>>

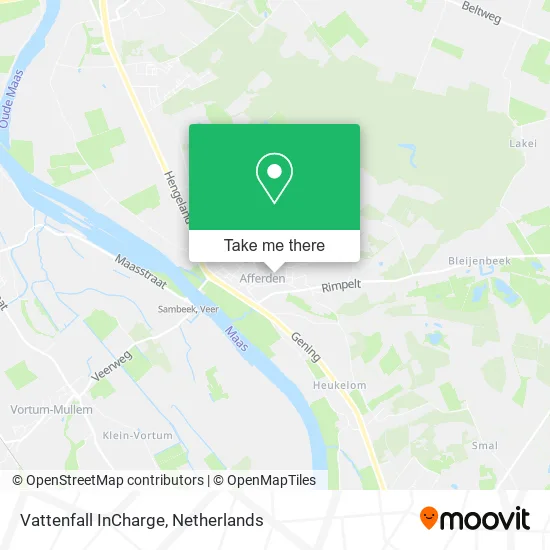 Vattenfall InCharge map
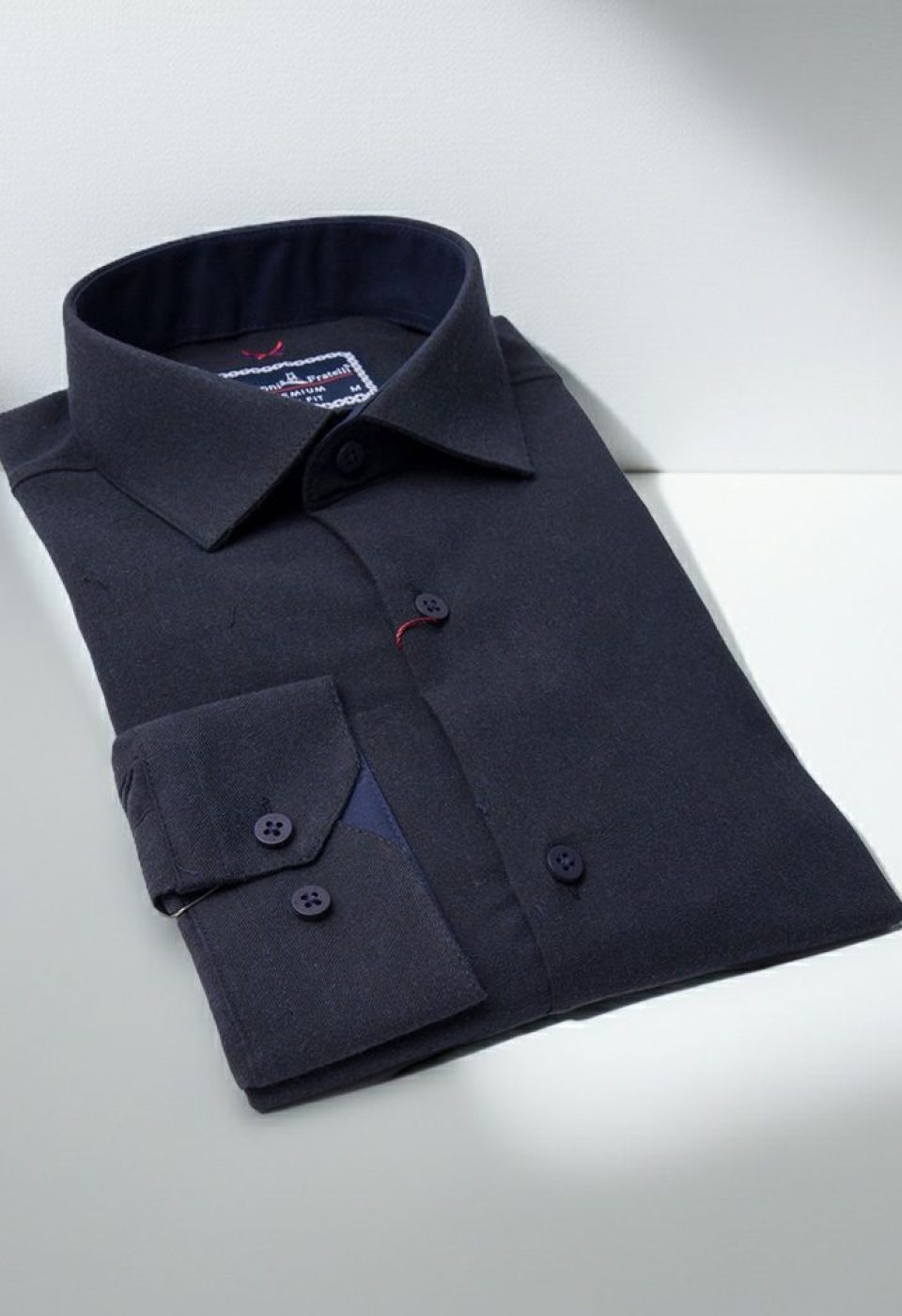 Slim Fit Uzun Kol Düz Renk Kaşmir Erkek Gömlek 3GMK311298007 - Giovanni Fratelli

<<
>>

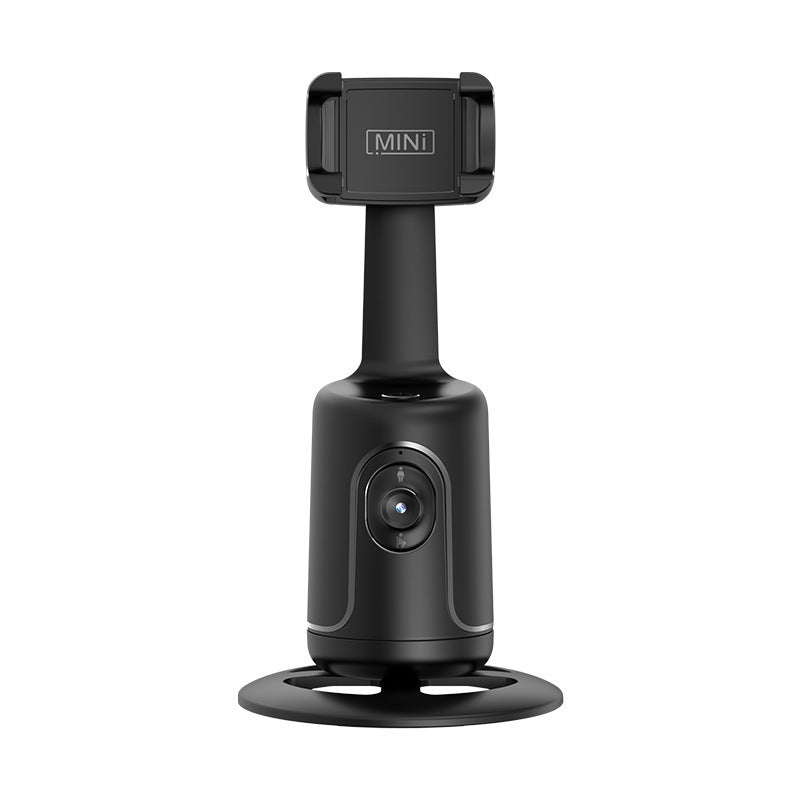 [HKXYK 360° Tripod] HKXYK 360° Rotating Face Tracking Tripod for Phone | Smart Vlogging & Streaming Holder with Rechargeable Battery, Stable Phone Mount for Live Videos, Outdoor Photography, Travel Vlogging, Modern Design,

<<
>>

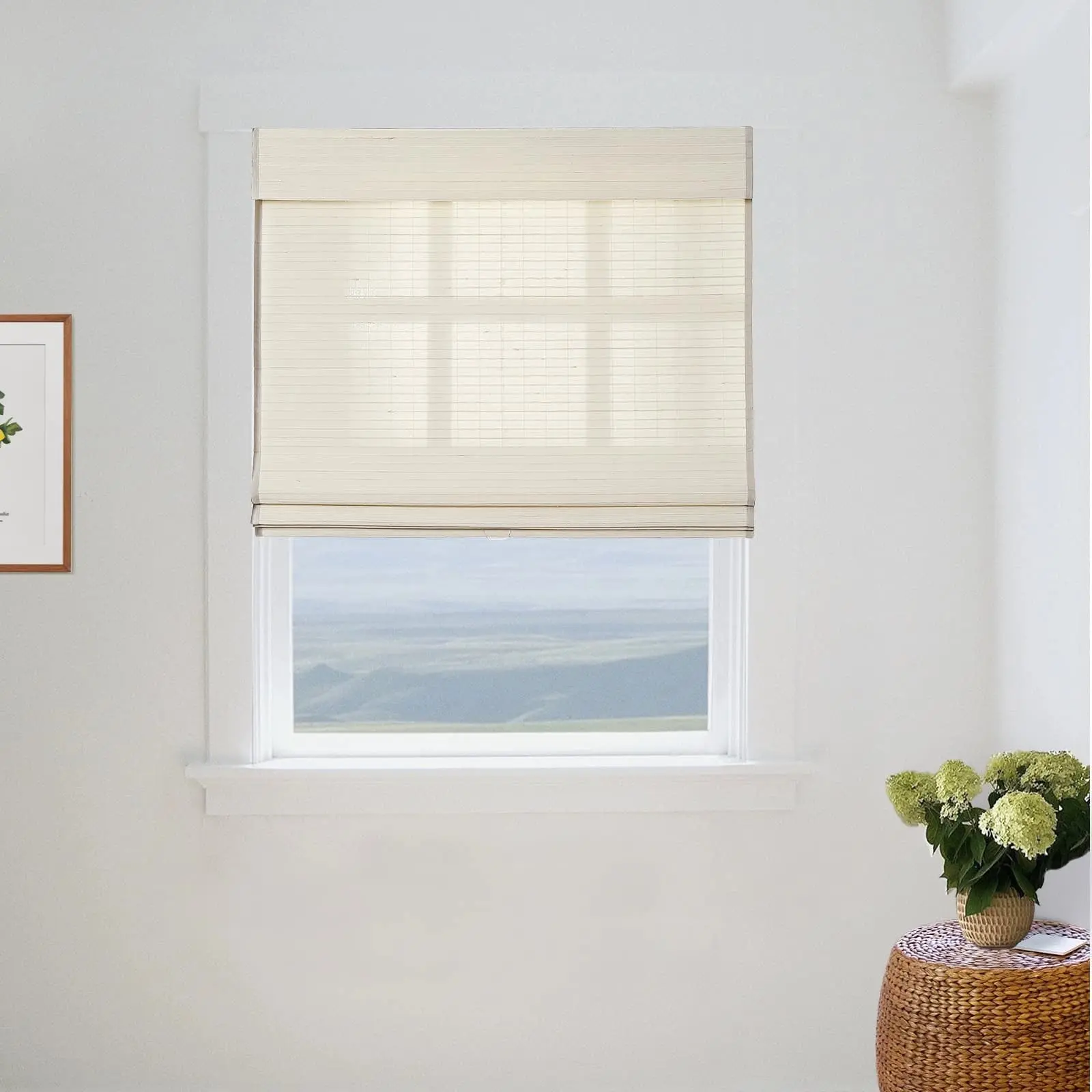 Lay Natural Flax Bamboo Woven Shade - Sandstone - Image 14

<<

Exact copy, pictures excluded: every line above from the one containing "Vattenfall InCharge map" to the one containing "Slim Fit Uzun", inclusive, and nothing more.

◆ SOLUTION TO THIS EXERCISE
 Vattenfall InCharge map
 Slim Fit Uzun Kol Düz Renk Kaşmir Erkek Gömlek 3GMK311298007 - Giovanni Fratelli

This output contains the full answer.